On the music reproduction side, convenience, portability and low cost are the purchase driving factors in this Mobile-Ipod Age of entertainment; sound quality need only be “good enough” [3]. The problem is that no one seems to be able to define what “good enough” sound quality means for Generation Y. Given that they represent the largest and youngest demographic in terms of music and audio equipment consumption, it's important to understand the attitudes and tastes of these twenty-somethings before it's too late. Getting these Millennials hooked on good sound now, means they're more likely to upgrade the audio systems in their future homes and automobiles acquired as they grow older and wealthier.

A common belief being spread by the media is that Generation Y is indifferent to sound quality, or worse, they prefer the tinny, sizzling sound of low-bit rate MP3 over higher quality lossless music formats (slide 4). This is based on an informal study conducted by a Stanford music professor, Jonathan Berger, who over a 7 year period found his students increasingly preferred music coded in lower quality lossy MP3 formats over higher quality lossless music formats [1]-[5]. “I think our human ears are fickle” says Berger. “What’s considered good or bad sound changes over time. Abnormality can become a feature” [1].

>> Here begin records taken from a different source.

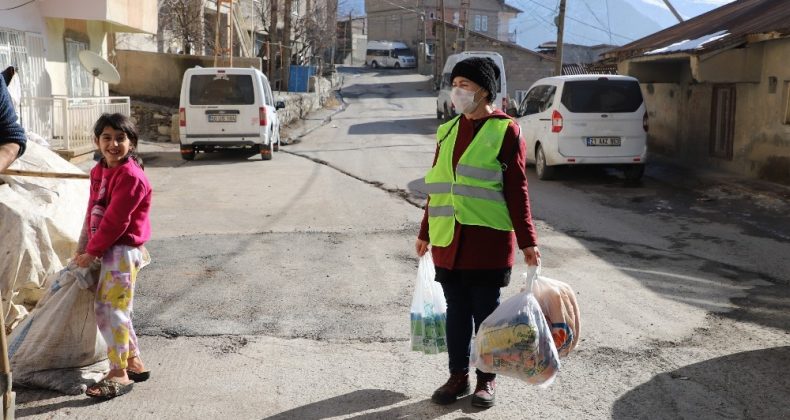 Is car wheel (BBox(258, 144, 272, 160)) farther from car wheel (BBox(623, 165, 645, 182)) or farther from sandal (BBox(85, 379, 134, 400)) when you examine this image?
sandal (BBox(85, 379, 134, 400))

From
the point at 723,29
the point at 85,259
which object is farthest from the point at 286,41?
the point at 85,259

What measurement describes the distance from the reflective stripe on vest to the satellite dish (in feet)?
48.4

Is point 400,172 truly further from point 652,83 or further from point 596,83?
point 652,83

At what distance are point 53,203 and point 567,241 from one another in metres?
5.23

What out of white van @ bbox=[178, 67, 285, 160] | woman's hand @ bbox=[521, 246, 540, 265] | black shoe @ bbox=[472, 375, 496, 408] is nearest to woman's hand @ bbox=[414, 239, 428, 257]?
woman's hand @ bbox=[521, 246, 540, 265]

While Berger’s unpublished study raises more scientific questions than it provides answers, nonetheless it has been widely reported by the media, and has captured the attention of consumer and automotive audio marketing executives, who ultimately decide what level of sound quality is “good enough” for Generation Y (slides 4-7). There's an increased risk that sound quality may become the sacrificial lamb for products targeted at Millennials (they can’t tell the difference, after all) with the savings diverted to more salient “purchase drivers” such as industrial design, more features, advertising, and celebrity endorsements.
If someone doesn’t soon stand up for Generation Y and show some evidence that they care about sound quality, its death may become a self-fulfilling prophesy.

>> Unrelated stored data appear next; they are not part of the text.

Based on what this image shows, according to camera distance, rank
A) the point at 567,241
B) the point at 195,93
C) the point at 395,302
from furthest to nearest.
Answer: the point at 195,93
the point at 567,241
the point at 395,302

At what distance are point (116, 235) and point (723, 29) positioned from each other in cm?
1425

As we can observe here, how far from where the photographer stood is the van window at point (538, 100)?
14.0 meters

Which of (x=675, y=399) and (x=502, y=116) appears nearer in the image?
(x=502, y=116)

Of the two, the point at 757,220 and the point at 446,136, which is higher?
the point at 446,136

Some New Experiments on Generation Y Sound Quality Preferences For Music Reproduction
To this end, I recently conducted two listening experiments on a group of high school students (the younger half of Generation Y) to determine if their sound quality preferences in music reproduction were: a) consistent with those of older trained listeners used for product evaluation at Harman International, or alternatively b) indifferent or skewed towards preferring less accurate sound (slide 8).
Two research questions were asked in separate tests:
  1. Do the students prefer the sound quality of lossy MP3 (128 kbps) music reproduction over the original lossless CD version?
  2. Do the students prefer music reproduced through a more accurate loudspeaker given four different options that vary in accuracy and sound quality?
The students, who ranged in ages from 15 to 18 years, were visiting Harman on a class field trip (slide 9). A description of the listening tests and the results are summarized in the following sections.

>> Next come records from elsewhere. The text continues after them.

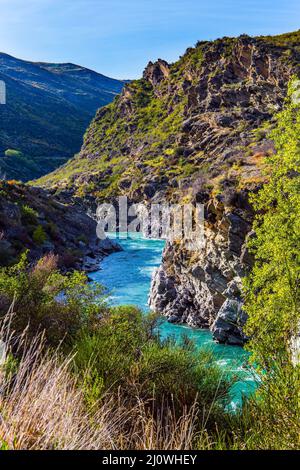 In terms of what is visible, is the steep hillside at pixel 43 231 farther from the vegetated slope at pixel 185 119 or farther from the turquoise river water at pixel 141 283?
the vegetated slope at pixel 185 119

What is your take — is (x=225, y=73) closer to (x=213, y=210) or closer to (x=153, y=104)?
(x=153, y=104)

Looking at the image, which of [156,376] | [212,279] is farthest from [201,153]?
[156,376]

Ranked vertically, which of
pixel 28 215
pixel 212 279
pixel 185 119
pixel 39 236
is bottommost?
pixel 212 279

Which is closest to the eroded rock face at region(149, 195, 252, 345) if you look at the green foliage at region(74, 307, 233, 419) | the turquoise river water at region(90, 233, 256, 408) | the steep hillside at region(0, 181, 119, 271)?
the turquoise river water at region(90, 233, 256, 408)

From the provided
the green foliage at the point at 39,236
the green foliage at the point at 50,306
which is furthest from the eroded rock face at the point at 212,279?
the green foliage at the point at 39,236

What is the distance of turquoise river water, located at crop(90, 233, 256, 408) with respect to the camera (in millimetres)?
26656

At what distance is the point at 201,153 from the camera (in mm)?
87500

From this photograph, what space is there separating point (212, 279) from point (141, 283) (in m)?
15.7

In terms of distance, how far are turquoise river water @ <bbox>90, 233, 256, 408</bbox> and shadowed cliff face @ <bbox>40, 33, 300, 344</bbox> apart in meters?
1.44

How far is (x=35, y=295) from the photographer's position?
1498 cm

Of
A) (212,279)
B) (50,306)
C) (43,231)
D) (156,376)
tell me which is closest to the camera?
(156,376)

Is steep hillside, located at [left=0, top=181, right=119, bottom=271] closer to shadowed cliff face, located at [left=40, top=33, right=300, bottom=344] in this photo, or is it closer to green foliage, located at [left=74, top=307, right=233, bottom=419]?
shadowed cliff face, located at [left=40, top=33, right=300, bottom=344]

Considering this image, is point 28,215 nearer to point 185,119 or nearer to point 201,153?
point 201,153

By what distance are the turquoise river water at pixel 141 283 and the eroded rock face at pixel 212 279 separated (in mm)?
1188
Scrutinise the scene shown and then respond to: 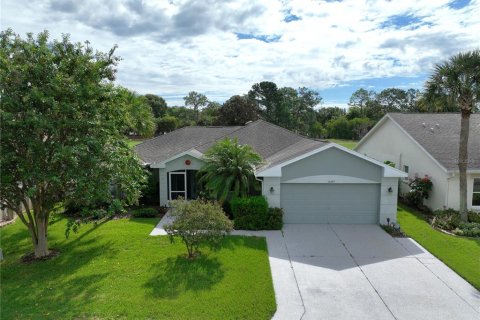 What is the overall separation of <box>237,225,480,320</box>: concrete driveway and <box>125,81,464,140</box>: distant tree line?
118 ft

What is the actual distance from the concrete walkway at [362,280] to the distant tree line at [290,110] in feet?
117

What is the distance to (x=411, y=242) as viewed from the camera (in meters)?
13.1

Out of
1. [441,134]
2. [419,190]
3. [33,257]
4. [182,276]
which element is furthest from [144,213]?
[441,134]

Do High School Students Prefer Lossy MP3 Music Over Lossless CD-Quality Formats?
In the first double-blind listening experiment (slide 11), the students were presented two versions of the same program selection encoded in:
  1. MP3 (Lame 3.97, version 2.3; constant bit rate @ 128 kbps). Note that this a 2 year old MP3 encoder that may be more representative of what Berger used in his study.
  2. CD - The original lossless CD-quality version (16-bit, 44.1 kHz).
After hearing the same music several times in both MP3 and CD formats, the listeners indicated on a scoresheet which one they preferred: A or B. They were also asked to indicate the magnitude of preference (slight/moderate/strong), and provide comments describing the differences in sound quality they heard.
A total of 12 trials were completed in which preference choices were recorded using four different short program loops in three separate trials (slide 10). Three music programs and a recording of applause at a live concert were chosen based on their ability to provide audible differences between the lossy and lossless formats. The applause provided listeners a familiar acoustic signal that the author felt most listeners could easily judge based on its apparent naturalness.
The order of programs and MP3/CD formats was randomized by the listening test software to eliminate any order-related effects. Switching between A and B was performed by the test administrator via a custom Harman listening test software application. The listening test was conducted in the Harman International Reference Room, which provided a quiet, and controlled acoustic environment typical of a domestic listening room. Listening was done through a high quality, stereo playback system (JBL LSR 6336 with four JBL HB5000 subwoofers) calibrated at the listening locations. A comfortable playback level (on average 78 dB (B)) was used throughout the tests.
Two groups of nine listeners each participated in two separate listening sessions, which lasted about 30 minutes each.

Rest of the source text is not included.